Fraud detection with Feast

Code available here.

This tutorial builds a credit-card fraud detection pipeline that combines Feast feature store materialization with an XGBoost classifier on the Sparkov simulated transactions dataset. The workflow engineers transaction and user-level features, trains a model, registers features in Feast, and materializes online feature values for low-latency scoring.

Flyte provides:

  • Cached data preparation for the Kaggle dataset download and feature engineering.
  • Report-backed training with confusion matrix and ROC-style metrics in the UI.
  • Durable artifacts — the trained model and Feast repo are returned as flyte.io.File and flyte.io.Dir.

Define the task environment

fraud_detection_feast.py
main_img = flyte.Image.from_uv_script(__file__, name="fraud-detection-feast", pre=True)

env = flyte.TaskEnvironment(
    name="fraud-detection-feast",
    image=main_img,
    resources=flyte.Resources(cpu=2, memory="4Gi"),
)
# /// script
# requires-python = ">=3.12"
# dependencies = [
#    "flyte>=2.4.0",
#    "feast==0.63.0",
#    "xgboost==3.2.0",
#    "scikit-learn==1.8.0",
#    "kagglehub==0.3.12",
#    ...
# ]
# ///

Orchestrate the pipeline

The fraud_detection_pipeline task downloads data, trains XGBoost, applies Feast feature definitions, and materializes features.

fraud_detection_feast.py
@env.task(report=True)
async def fraud_detection_pipeline(
    n_estimators: int = 300,
    max_depth: int = 6,
    learning_rate: float = 0.1,
    min_child_weight: int = 5,
    gamma: float = 1.0,
) -> tuple[flyte.io.File, flyte.io.Dir]:
    """
    Full fraud detection pipeline:
    1. Download and prepare data
    2. Materialize user profiles to Feast
    3. Train model using Feast for feature retrieval
    Returns model file and Feast artifacts for serving.
    """
    log.info("Starting fraud detection pipeline")
    steps = ["Prepare Data", "Materialize Features", "Train Model", "Done"]

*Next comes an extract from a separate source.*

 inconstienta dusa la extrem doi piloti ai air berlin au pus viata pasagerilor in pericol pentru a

    html = '<h2>Fraud Detection Pipeline</h2>' + rh.pipeline_step_indicator(0, steps)
    await flyte.report.replace.aio(rh.wrap(html))
    await flyte.report.flush.aio()

    data_dir = await prepare_data()

    html = '<h2>Fraud Detection Pipeline</h2>' + rh.pipeline_step_indicator(1, steps)
    await flyte.report.replace.aio(rh.wrap(html))
    await flyte.report.flush.aio()

    # Materialize features first so training can use Feast
    feast_dir = await materialize_features(data_dir)

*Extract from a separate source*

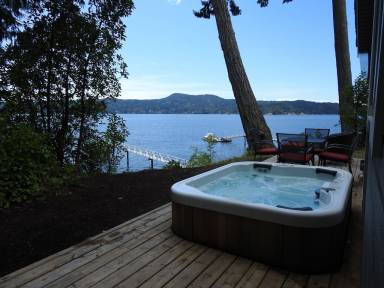 Kajuta Sooke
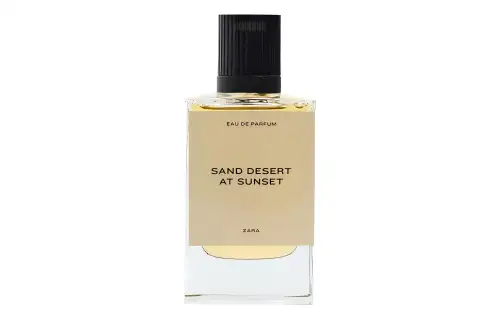ZARA Floral perfume, 100 ml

    html = '<h2>Fraud Detection Pipeline</h2>' + rh.pipeline_step_indicator(2, steps)
    await flyte.report.replace.aio(rh.wrap(html))
    await flyte.report.flush.aio()

    # Train model using Feast for user feature retrieval
    model_file = await train_model(
        data_dir,
        feast_dir,
        n_estimators=n_estimators,
        max_depth=max_depth,
        learning_rate=learning_rate,
        min_child_weight=min_child_weight,
        gamma=gamma,
    )

    # Save copies to working directory for local app testing
    model_local = await model_file.download()
    feast_local = await feast_dir.download()
    shutil.copy2(model_local, "model.joblib")
    if os.path.exists("feast_artifacts"):
        shutil.rmtree("feast_artifacts")
    shutil.copytree(feast_local, "feast_artifacts")
    log.info("Saved local copies: model.joblib, feast_artifacts/")

    html = (
        '<h2>Fraud Detection Pipeline</h2>'
        + rh.pipeline_step_indicator(4, steps)
        + '<div class="card">'
        '<div style="font-weight:600;color:#155724;font-size:1.1em;margin-bottom:8px;">Pipeline Complete</div>'
        '<p>Model and feature store artifacts are ready for serving.</p>'
        '<table>'
        '<tr><th>Next Step</th><th>Command</th></tr>'
        '<tr><td>Run locally</td><td><code>python app.py</code></td></tr>'
        '<tr><td>Deploy scoring app</td><td><code>flyte deploy app.py serving_env</code></td></tr>'
        '<tr><td>Deploy dashboard</td><td><code>flyte deploy dashboard.py dashboard_env</code></td></tr>'
        '</table></div>'
    )
    await flyte.report.replace.aio(rh.wrap(html))
    await flyte.report.flush.aio()

    log.info("Pipeline complete")
    return model_file, feast_dir

Run the workflow

From the example directory:

cd v2/tutorials/fraud_detection_feast
uv run --script fraud_detection_feast.py

The first run downloads the dataset via kagglehub (public dataset, no API key required). Open the run report to review the confusion matrix and feature-importance summary when training completes.